**Exercise:** Please return exactly the line that contains "Apartamento Espacioso 2br" and every line after it, through the last line of the records below, with no pictures.

Image-caption web data

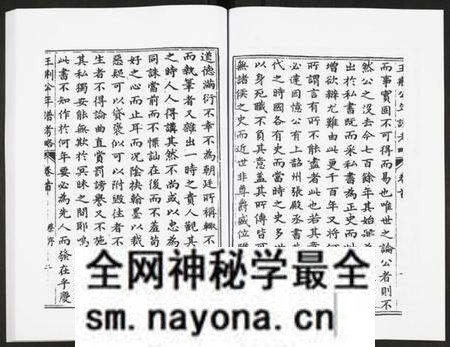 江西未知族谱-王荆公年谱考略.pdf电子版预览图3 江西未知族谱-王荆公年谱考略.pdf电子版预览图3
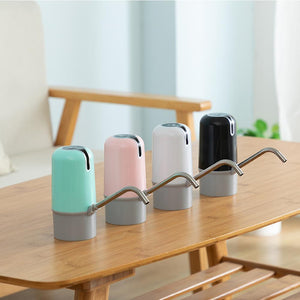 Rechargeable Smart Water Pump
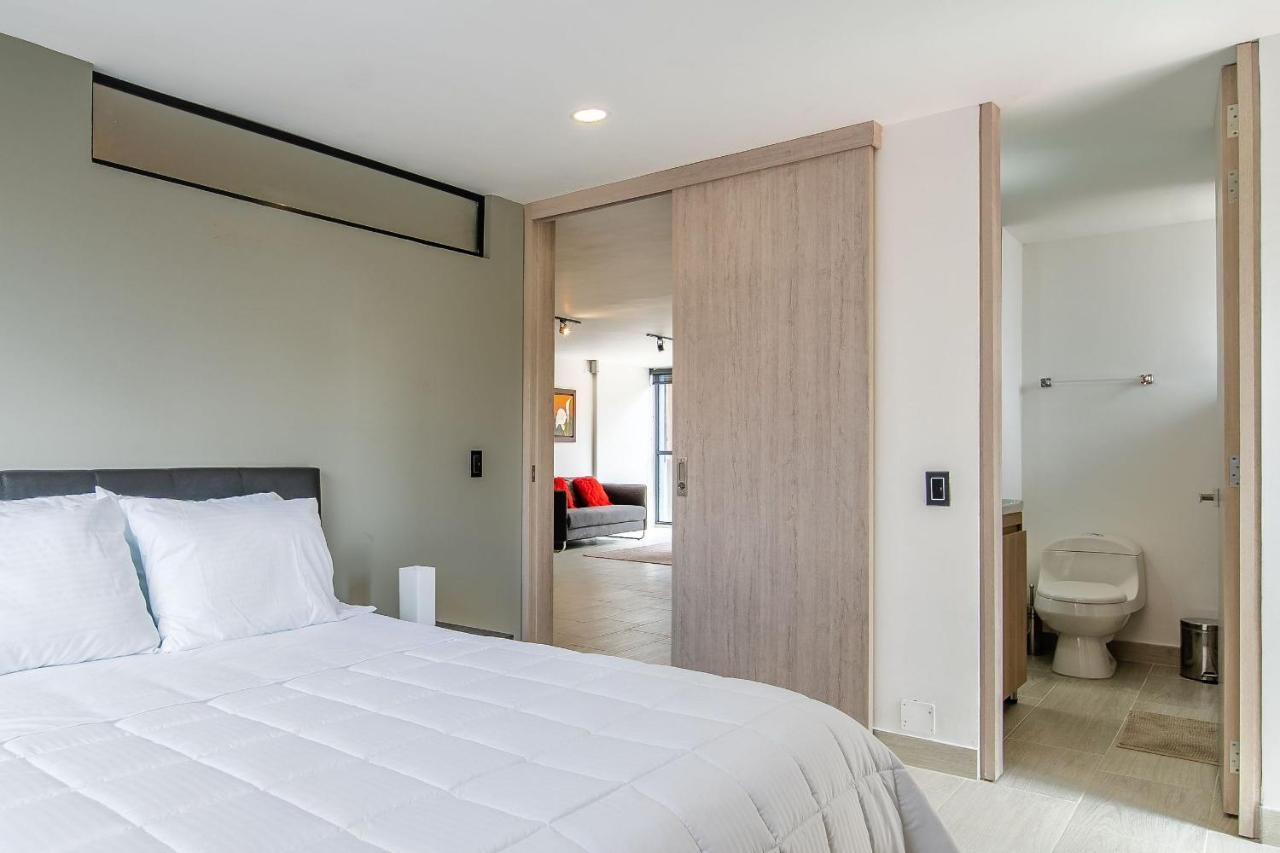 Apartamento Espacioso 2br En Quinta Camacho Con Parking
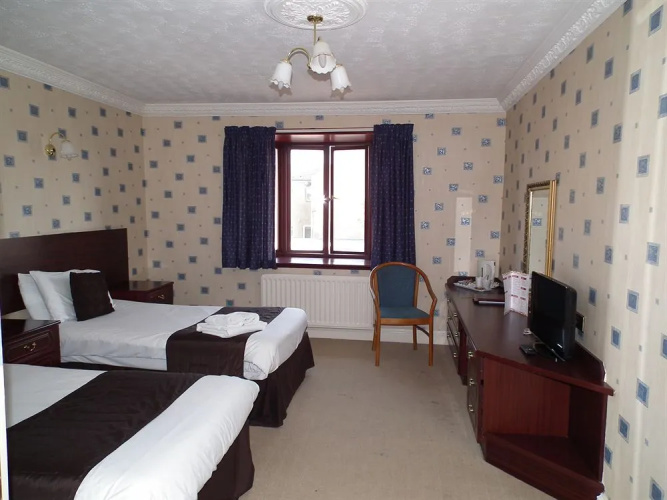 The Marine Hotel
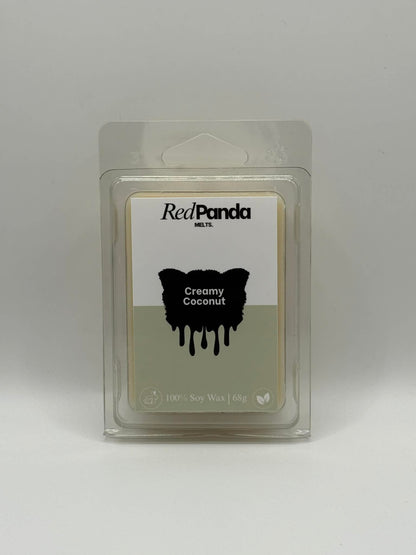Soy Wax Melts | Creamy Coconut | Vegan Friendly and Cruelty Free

**Result of the exercise:**
 Apartamento Espacioso 2br En Quinta Camacho Con Parking
 The Marine Hotel
Soy Wax Melts | Creamy Coconut | Vegan Friendly and Cruelty Free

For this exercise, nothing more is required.